■ Prompt
An exact copy of the records is needed; please leave the images out.

BEGIN

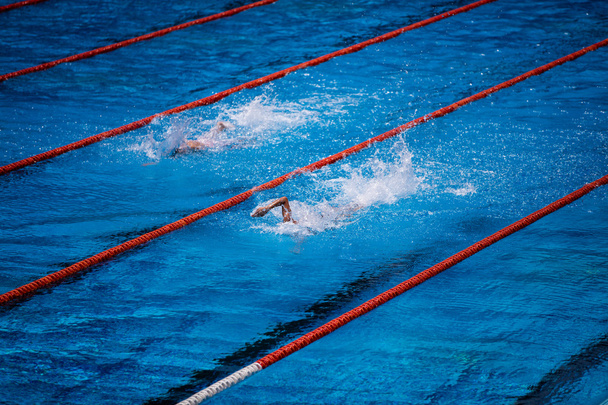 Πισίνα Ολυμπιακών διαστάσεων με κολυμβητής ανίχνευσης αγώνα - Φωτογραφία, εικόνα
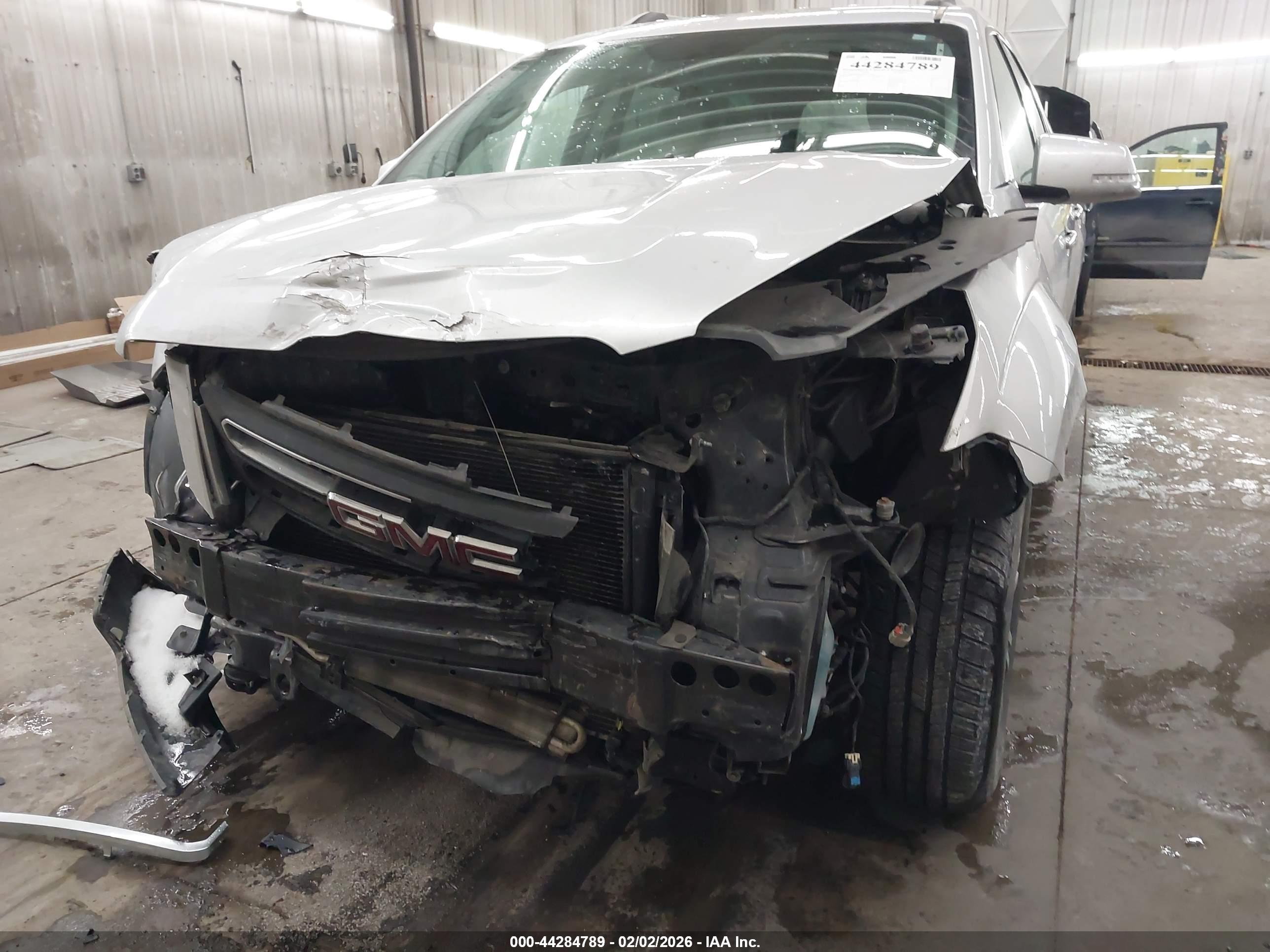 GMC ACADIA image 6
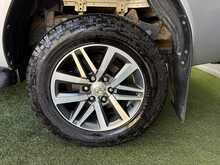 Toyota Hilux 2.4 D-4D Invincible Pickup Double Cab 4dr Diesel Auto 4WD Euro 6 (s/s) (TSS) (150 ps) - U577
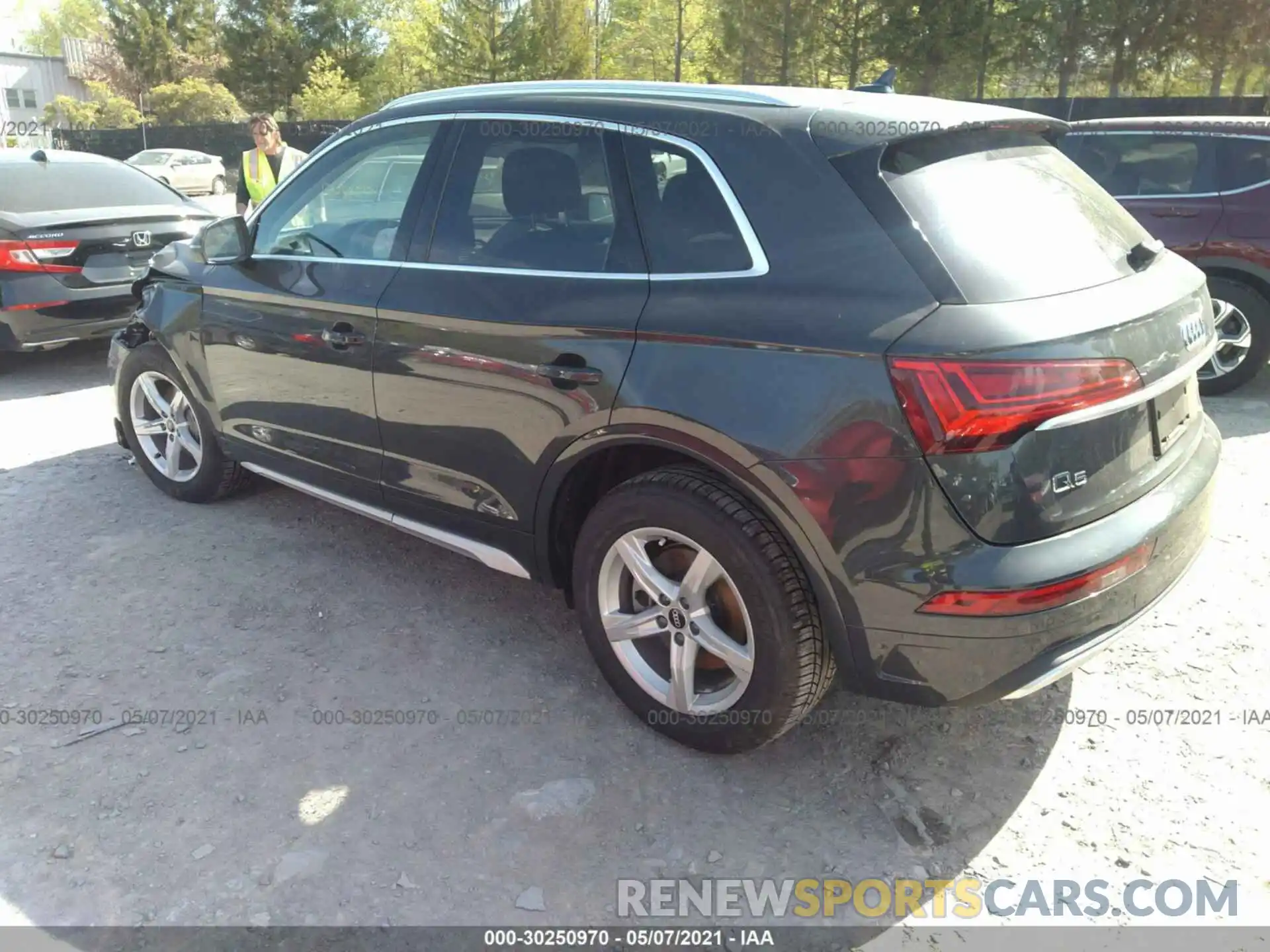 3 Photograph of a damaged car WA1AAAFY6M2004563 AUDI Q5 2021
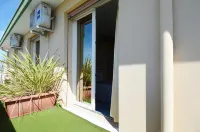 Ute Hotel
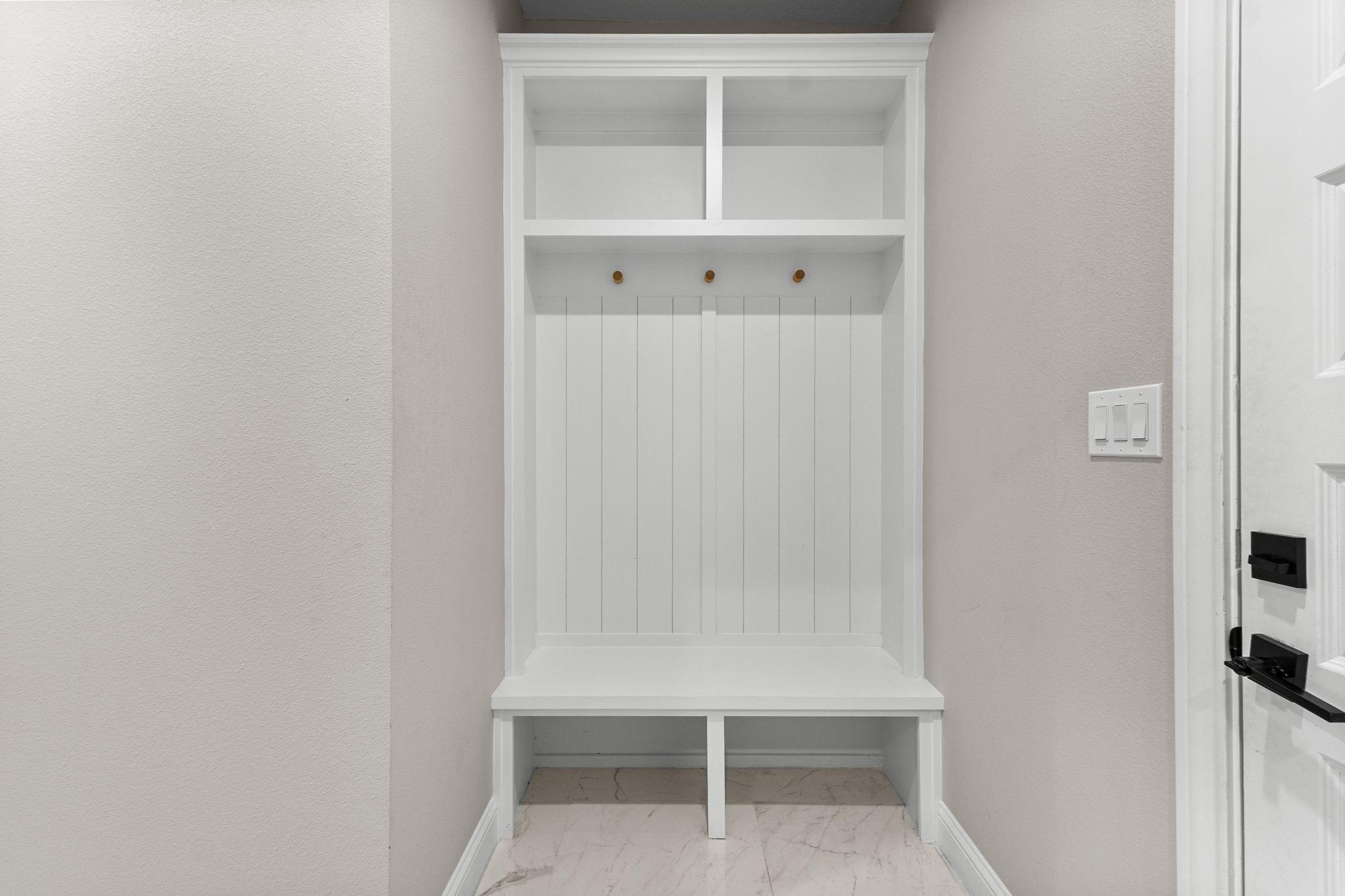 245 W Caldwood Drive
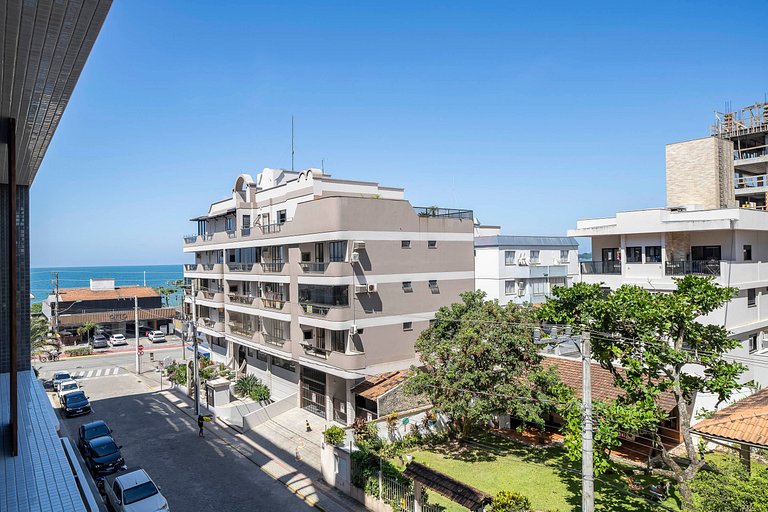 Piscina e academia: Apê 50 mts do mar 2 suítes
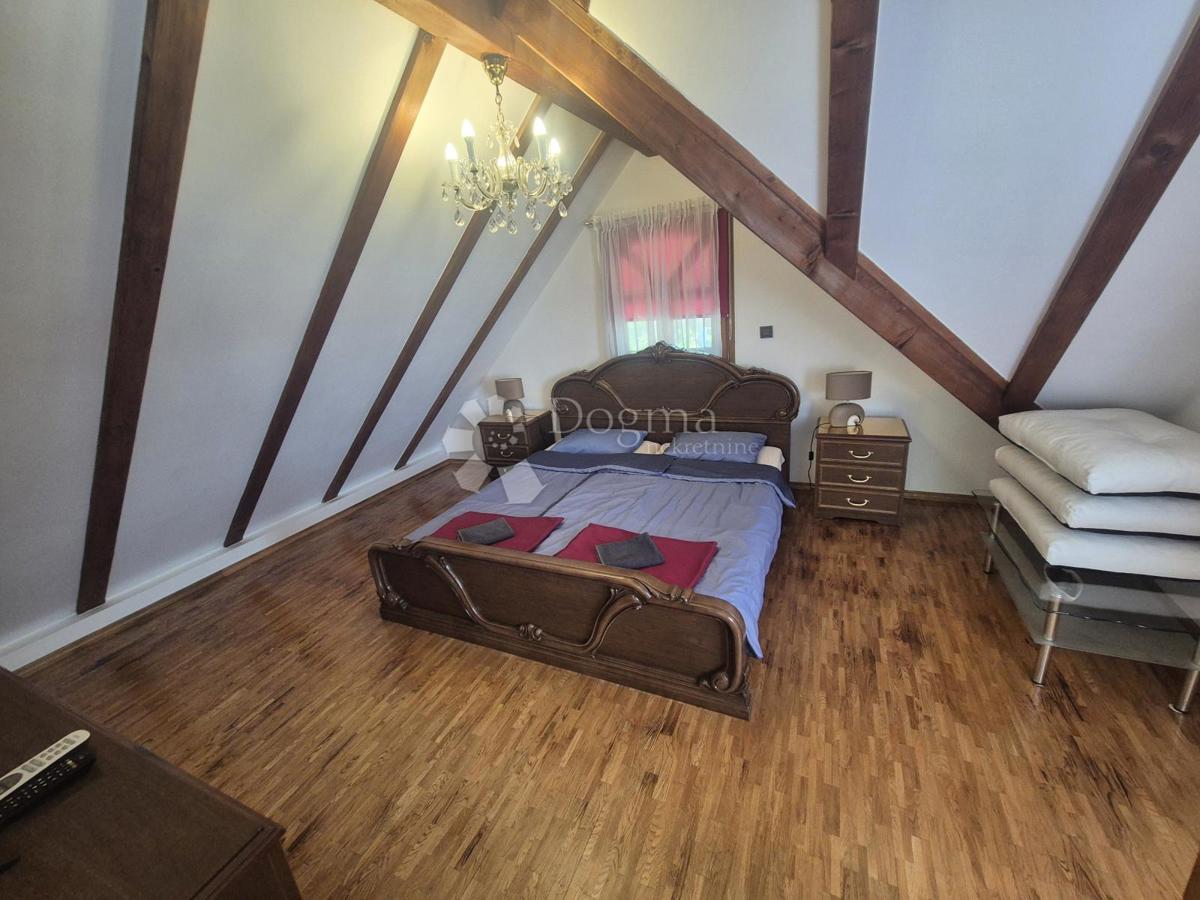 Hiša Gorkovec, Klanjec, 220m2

END

■ Response area
 Πισίνα Ολυμπιακών διαστάσεων με κολυμβητής ανίχνευσης αγώνα - Φωτογραφία, εικόνα
 GMC ACADIA image 6
 Toyota Hilux 2.4 D-4D Invincible Pickup Double Cab 4dr Diesel Auto 4WD Euro 6 (s/s) (TSS) (150 ps) - U577
 3 Photograph of a damaged car WA1AAAFY6M2004563 AUDI Q5 2021
 Ute Hotel
 245 W Caldwood Drive
 Piscina e academia: Apê 50 mts do mar 2 suítes
 Hiša Gorkovec, Klanjec, 220m2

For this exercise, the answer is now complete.